The most effective cleanroom design goes far beyond engineering multiple, discrete systems.

The imperative to engineer sustainable facilities grows more pressing with each passing year. Not only does sustainable design protect the environment; it provides significant operating cost reductions and helps prevent functional obsolescence.


Adopting the whole-building approach is one of the most effective tools we have today to engineer and design cleanrooms and industrial facilities that will best meet our clients’ future needs.



Cleanroom Mechanical Equipment

Net-Zero Cleanroom Design by 2030?

By 2030, all federal facilities must be 100 percent independent of fossil fuels and feature fully sustainable designs. The United States government, through the Energy Independence and Security Act (EISA), has issued a series of mandates and executive orders to guide the process.


Although the guidelines for private cleanrooms and industrial facilities are not as stringent, industry experts believe that guidelines for those will evolve in a similar manner. Cleanroom developers and owners can take advantage of significant incentives available for adopting sustainable, whole-building practices of design and engineering.


Besides the legal requirements, adopting these practices is helpful for improving workplace comfort, saving money on energy bills and preserving the environment.


High-Performance Cleanroom Design Principles

To work toward these lofty goals of energy independence, cleanroom design and engineering must maximize performance standards. The whole-building approach is the foundation for optimizing cleanroom operation and performance while lowering the requirement for energy resources.


Today, we approach industrial design much like you might approach your physical health. To keep your body healthy and operating optimally, you work out, eat right, get plenty of rest and pursue a work-life balance. To design a high-performance cleanroom facility, we must consider how each system works independently, but also how they all work in harmony.


High-performance cleanroom design requires system synergy. But it also requires that the systems learn and adapt. In the context of mechanical systems, the concept of learning may seem incongruous. However, today’s advanced technology makes this possible.

So what happens when future technology provides for even more effective operations than we have available today?

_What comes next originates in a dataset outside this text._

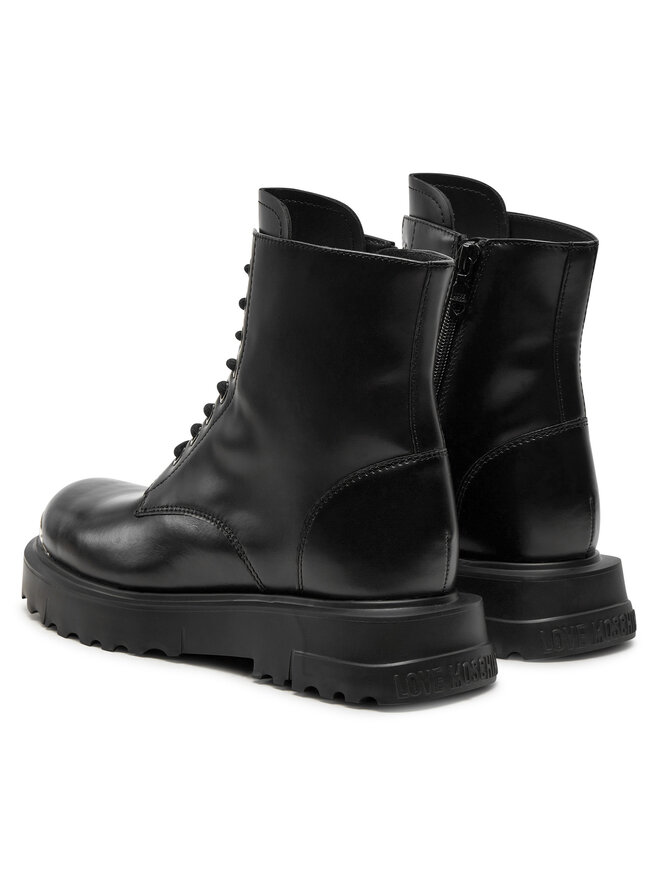 LOVE MOSCHINO Schnürstiefeletten LOVE MOSCHINO JA24124G1LIA0000 Schwarz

Cleanroom Design to Achieve a Learning System

Our world is changing more rapidly than we realize. Technological evolution requires constant adaptation, both socially and practically. If your cleanroom facility is to endure and resist obsolescence, it must be engineered to adapt as well. And this requires a more holistic approach to cleanroom design.


The whole-building method of engineering and design adopts an integrated approach to processes as well as systems. From the engineer’s perspective, this means that the design team must be integrated as well. No more relying on specialists to design each piece of the puzzle. Rather, we now draw on the knowledge and expertise of all the project’s stakeholders — across the life span of project’s design and construction — to ensure that the outcome is as integrated as our approach.


DesignTek Consulting Group LLC understands the importance of creating industrial facilities that meet our clients’ future needs as well as their current objectives. We are based in Utah, but serve clients in all sectors, providing process engineering and project management as well as construction and project management. Contact us today to learn more about how we can assist you with cleanroom design and engineering.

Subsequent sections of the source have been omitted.